Sergius is outfitted at different windows with uniform, boots, hat and sword, he and everybody else is off to do their make up.
Whilst in the make up room his head twitching starts to annoy one of the other extras and when Sergius puts on a medal that he says was given to him by the Czar of Russia, they make fun of him and ask why he has the facial tick and this starts off a flashback to Russia 1917.
Grand Duke Sergius Alexander is the cousin of the Czar of Russia and the head of Russian army which is fighting on a two thousand mile front. The army is worn down and moth eaten as the revolutionary’s have captured their supply lines.
The Grand Duke loves his country and hates the idea of these revolutionists taking over his motherland and then two of the most wanted are found during a routine passport screening
They are Lev Andreyev (Powell) and Natalie Dabrova (Evelyn Brent, The Seventh Victim). He is the leader of the Kief Imperial Theatre and she is his leading lady. Sergius demands to know why he isn’t in uniform, ‘weak lungs’ is the answer. Disgusted at this, he strikes the man with his whip and has him arrested. But Natalie is a different prospect as he takes a liking to the pretty revolutionist.
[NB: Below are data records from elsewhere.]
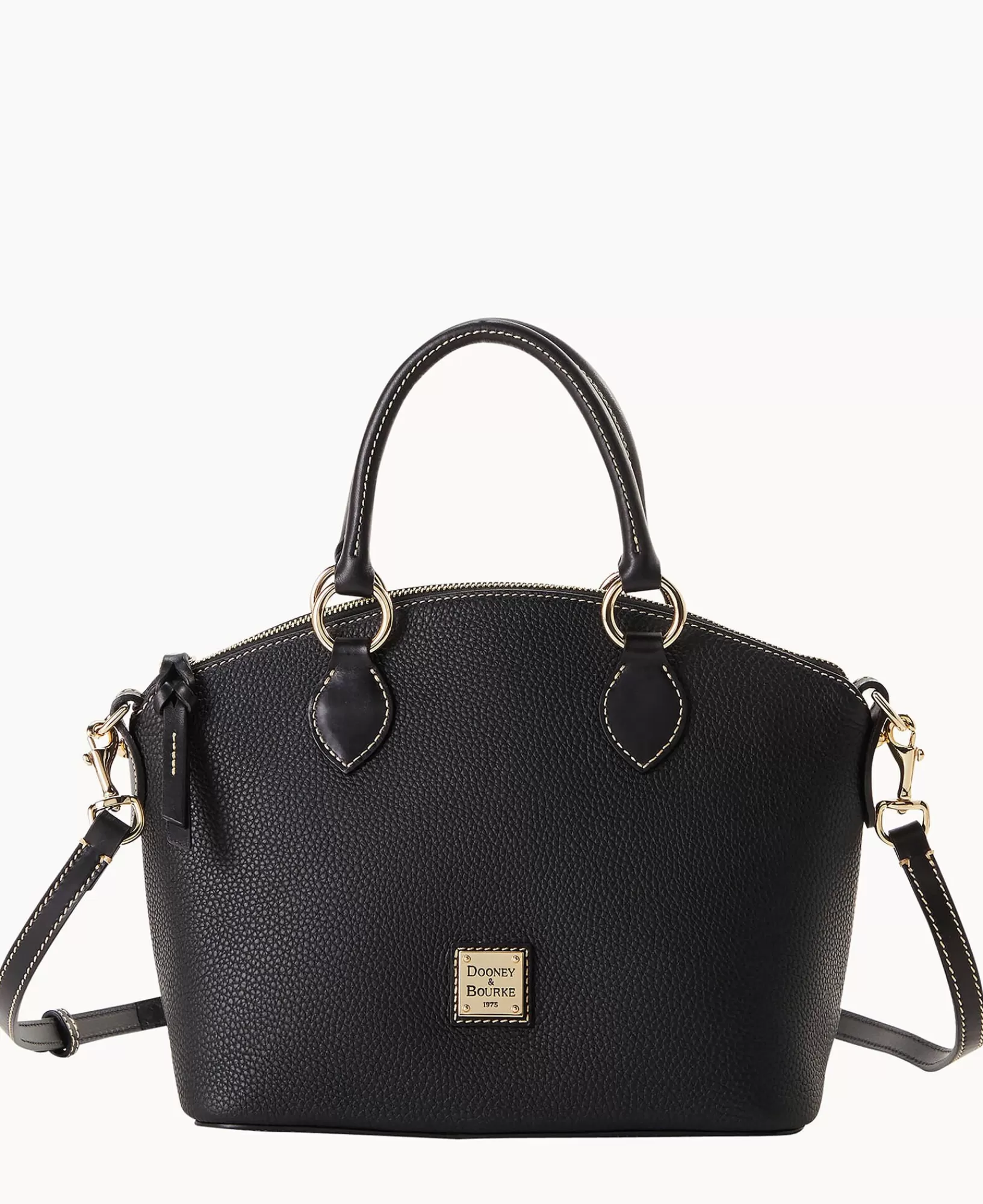 Shoulder Bags | Satchels>Dooney & Bourke Pebble Grain Satchel BlackBlack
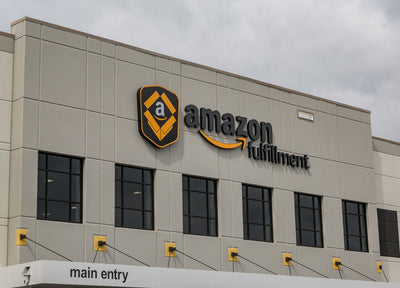 Amazon Fulfillment Center exterior in Shakopee, Minnesota — stand-in automated warehouse, not SHEIN's Lebanon, Indiana facility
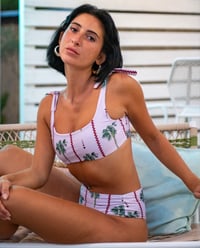 Image 1 of BIKINI "PINK PALM" (SU ORDINAZIONE)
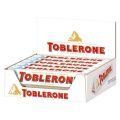 Toblerone White Chocolate 100gm Pack of 20 (Imported Swiss). 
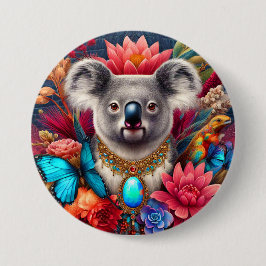 Aussie Koala Beer Mode Button Pin Broche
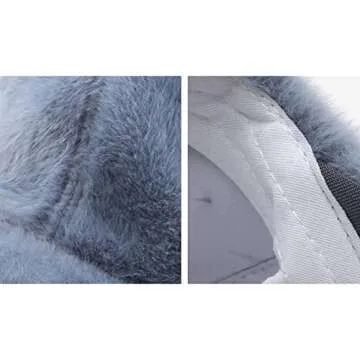 Avilego Winter Baseball Cap Women Men Cozy Faux Fur Baseball Cap Adjustable Trucker Cap for Outdoor Sports Beige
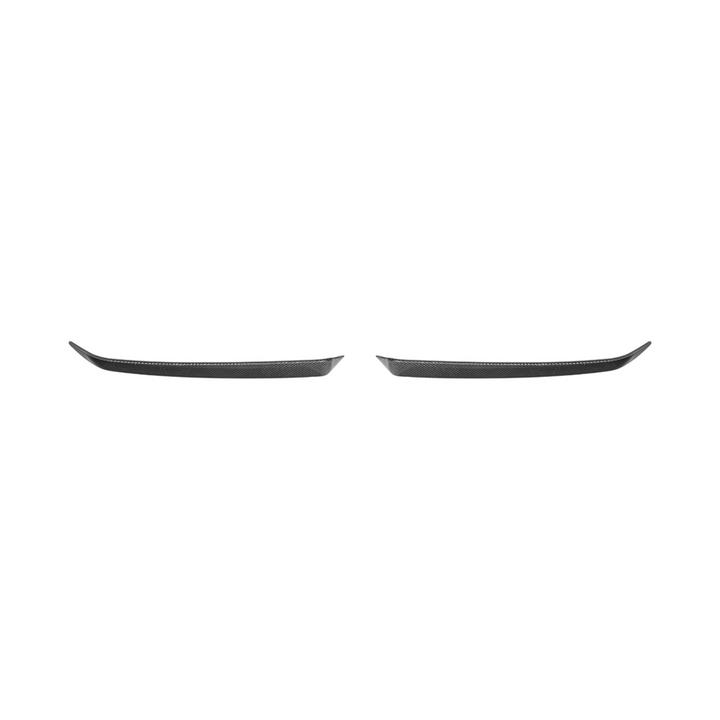 Corvette C8 Z06 DRY CARBON FIBER 1.5" Extended Rear Wing Wickerbill Winglets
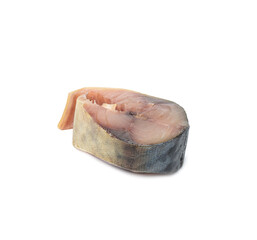 Obraz premium slice of raw mackerel isolated on white background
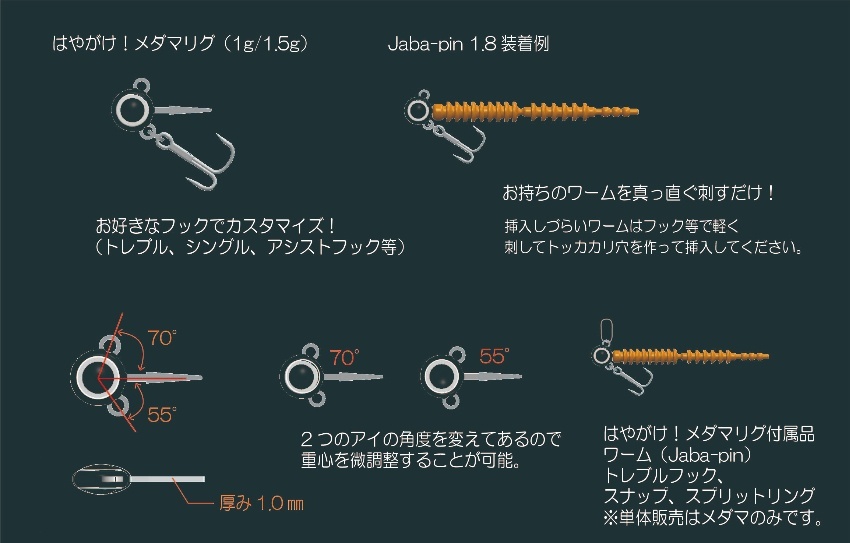 はやがけ！メダマリグ 1g/1.5g ・メダマリグFAT 2g/3g_画像3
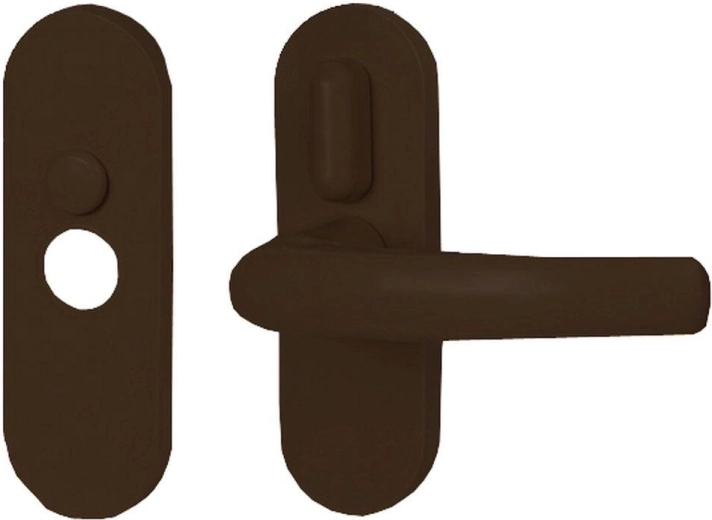 Poignée intérieure Classique à levier – marron, plastique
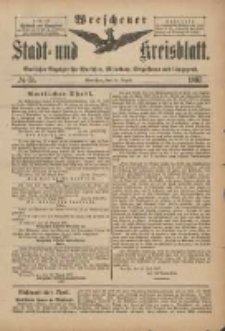 Wreschener Stadt und Kreisblatt: amtlicher Anzeiger f&uuml;r Wreschen, Miloslaw, Strzalkowo und Umgegend 1897.08.25 Nr71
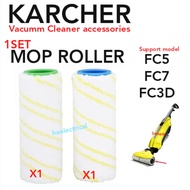 Vacuum Cleaner Mop Roller For Karcher FC5 / FC7 / FC3D (1Set - 2PCS)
The rest as they say is history. This is a brilliant slice of history and Jennings deserves the very first Academy award for Best Actor in a Leading Role and Evelyn shows her fervour as the lead of the revolution.
“If he does it again – remove the coat and shoot the contents!”
Special Features confirmed as:
· High-definition presentation on the Blu-ray
· Original organ score by Gaylord Carter (uncompressed on the Blu-ray)
· New video interview with critic Tony Rayns
· Sternberg Till ‘29, a video essay by scholar Tag Gallagher
· A 32-page booklet featuring an excerpt from von Sternberg’s autobiography Fun in a Chinese Laundry, two original reviews from 1928, a 1929 profile of Jannings, and archival images.